→ **Exercise data**:
###

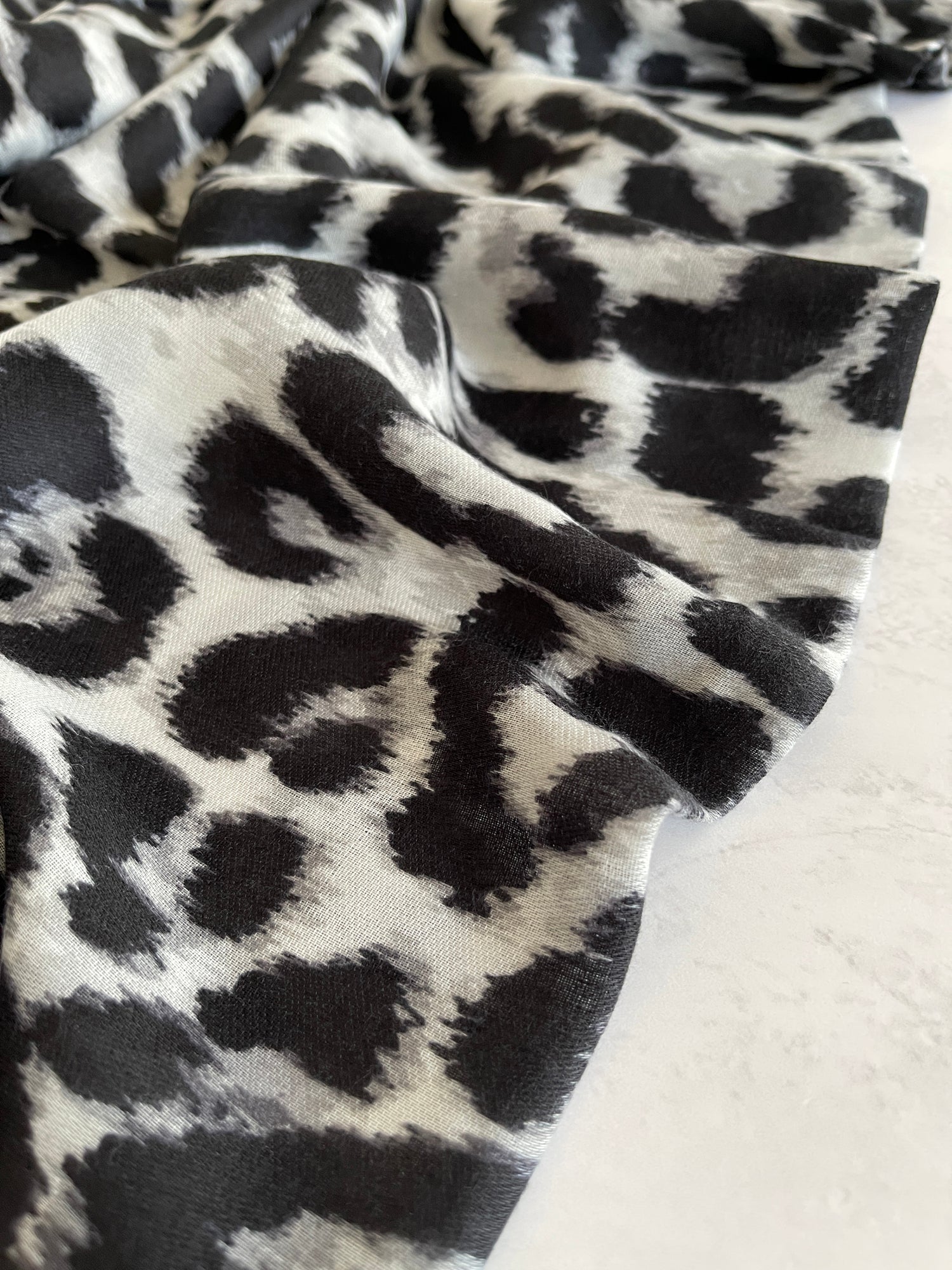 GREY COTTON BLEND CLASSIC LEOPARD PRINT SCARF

###

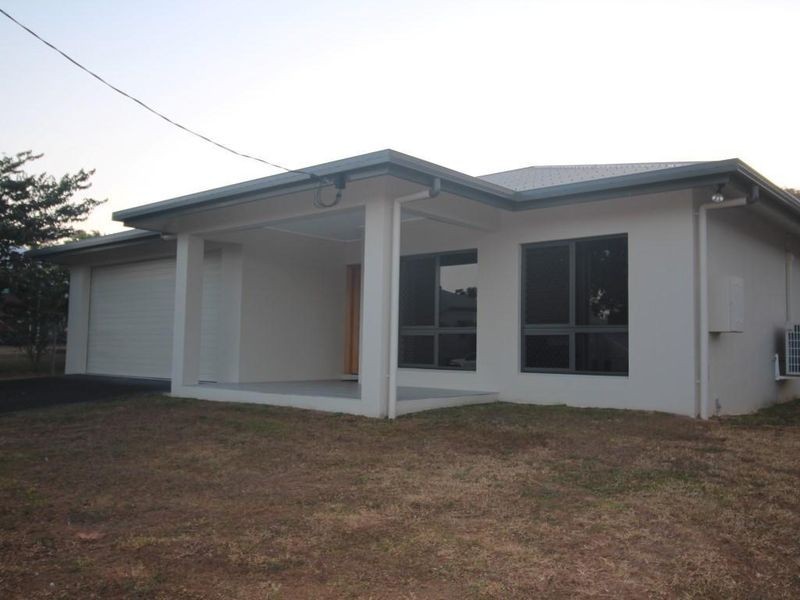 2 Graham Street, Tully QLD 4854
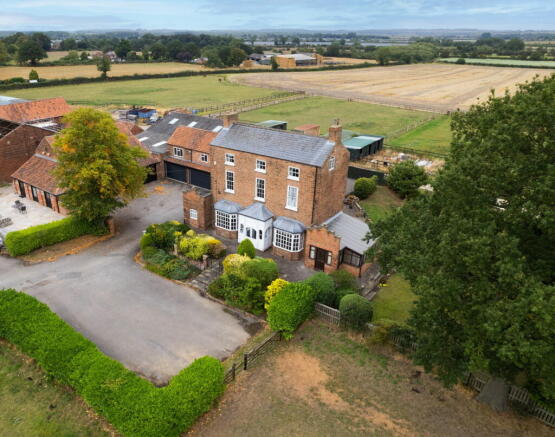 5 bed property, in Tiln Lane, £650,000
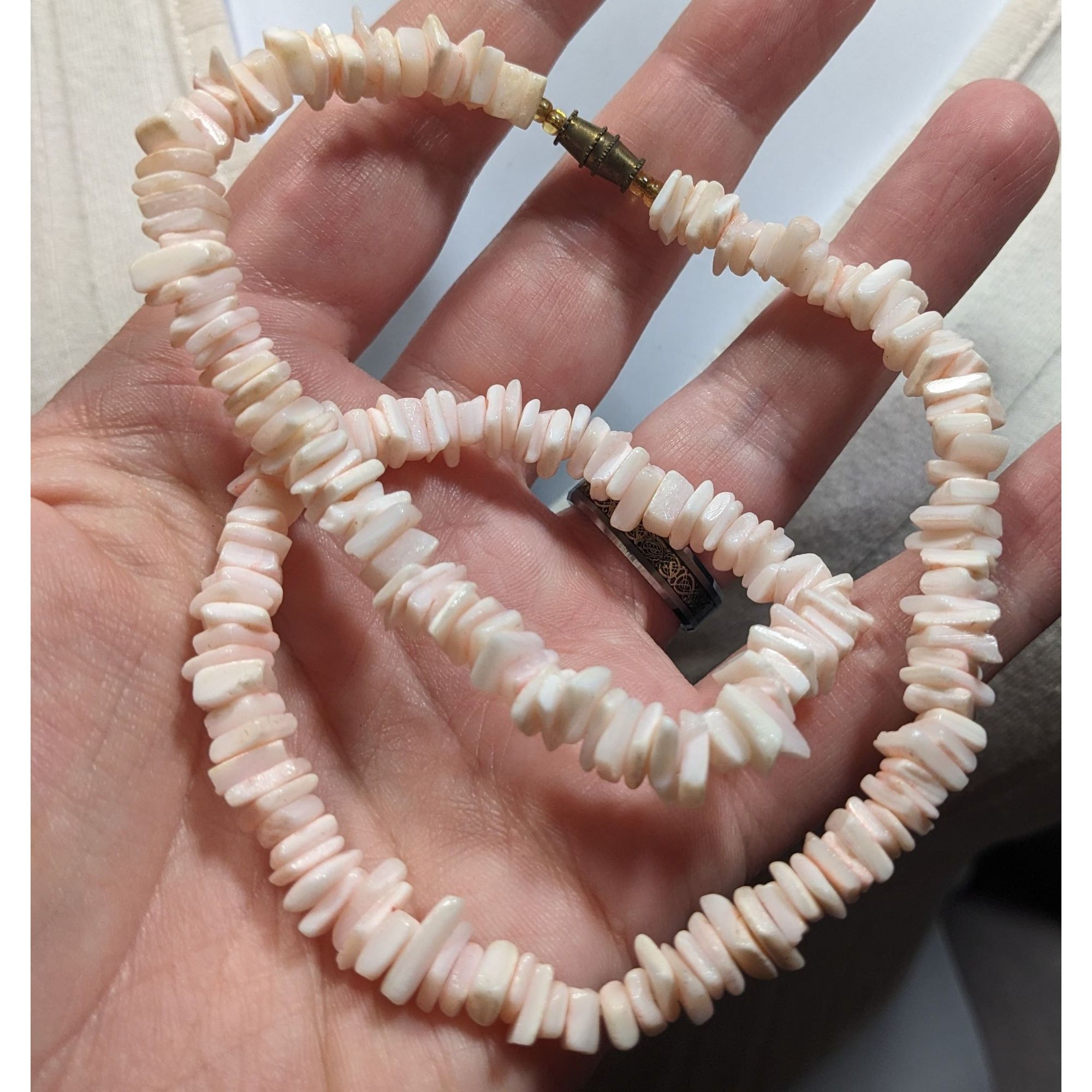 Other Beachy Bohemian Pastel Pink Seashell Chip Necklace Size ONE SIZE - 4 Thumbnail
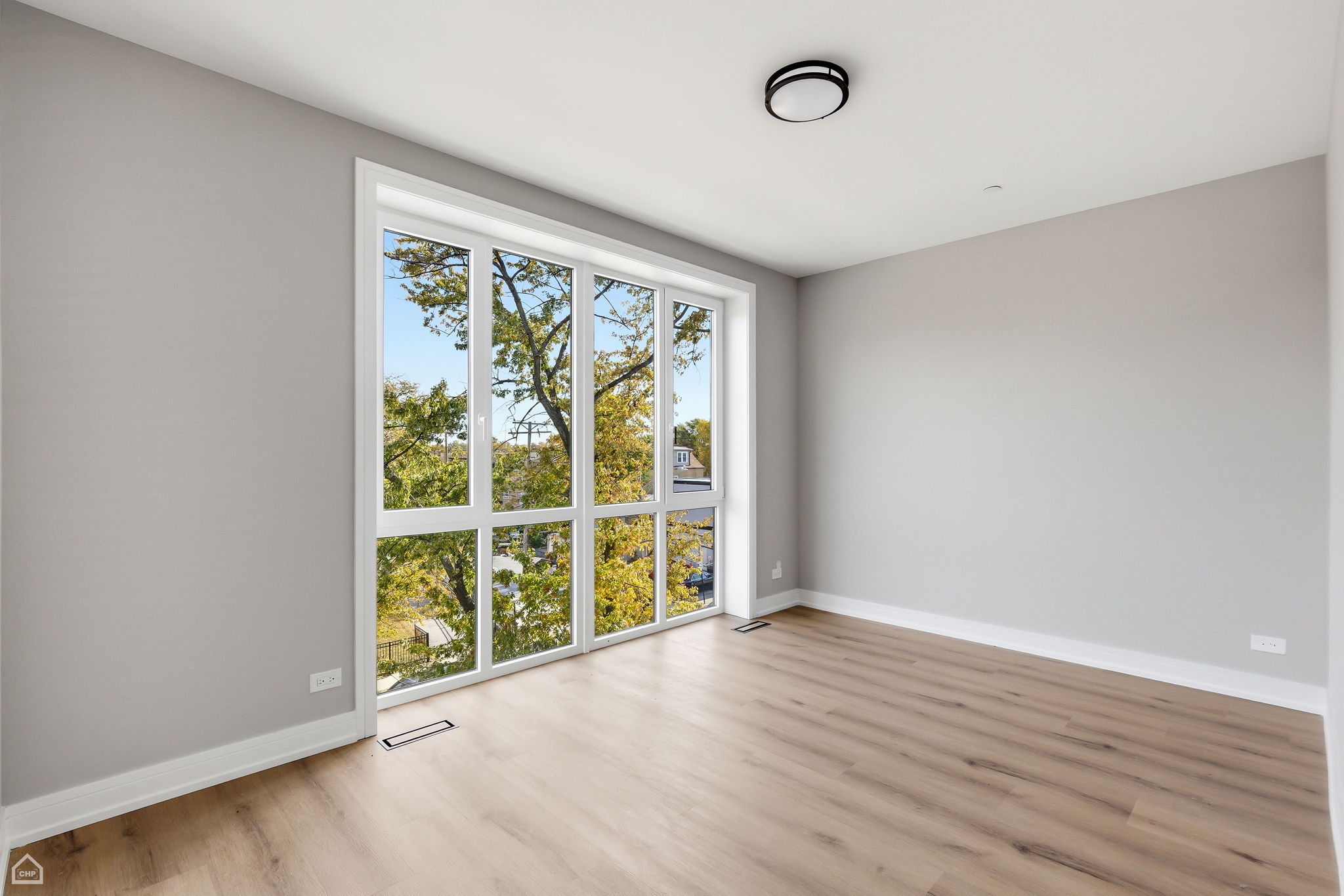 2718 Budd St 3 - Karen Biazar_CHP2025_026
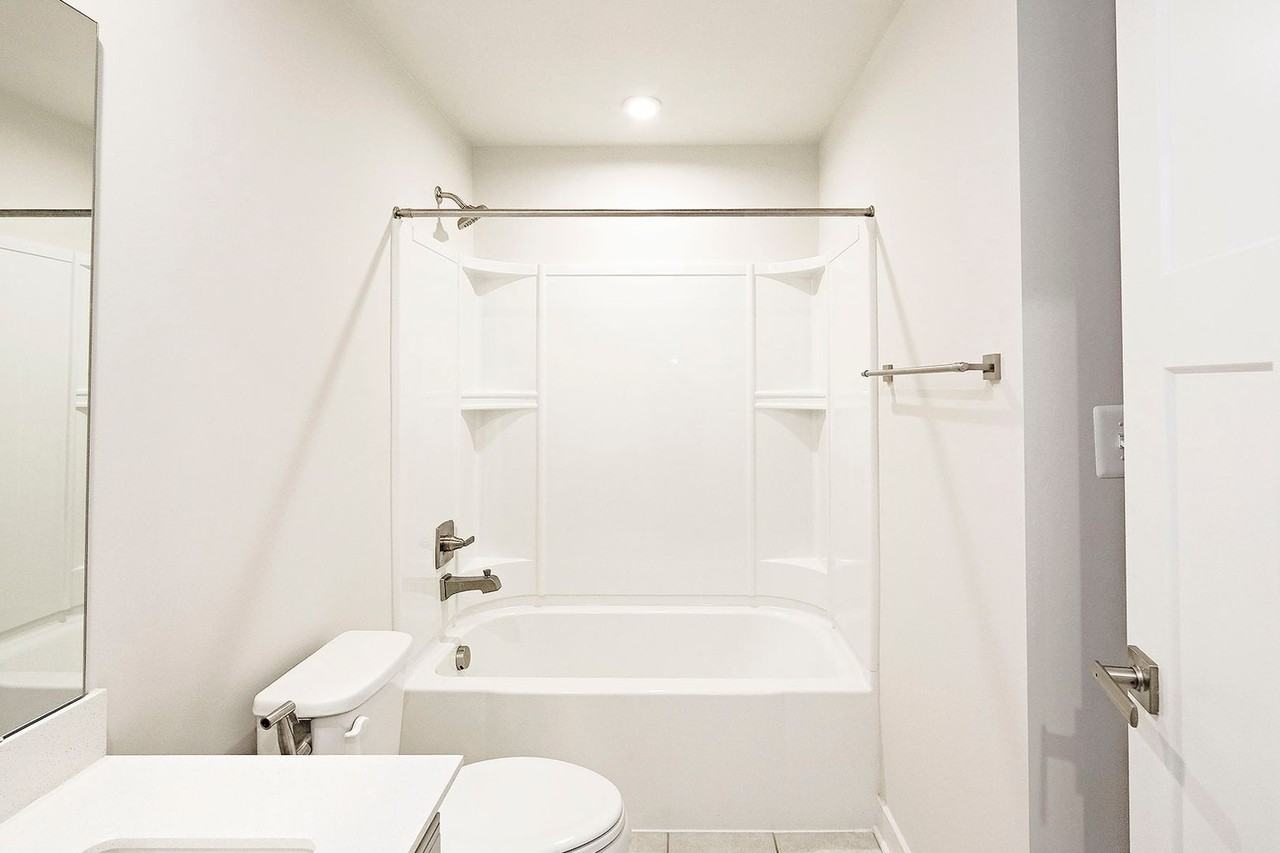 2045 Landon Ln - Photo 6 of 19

###

→ **Task prompt**: Copy the lines above between the one holding "Other Beachy Bohemian" and the one holding "2045 Landon Ln - Photo 6 of 19", inclusive. Drop the pictures.

→ **Answer space**:
 Other Beachy Bohemian Pastel Pink Seashell Chip Necklace Size ONE SIZE - 4 Thumbnail
 2718 Budd St 3 - Karen Biazar_CHP2025_026
 2045 Landon Ln - Photo 6 of 19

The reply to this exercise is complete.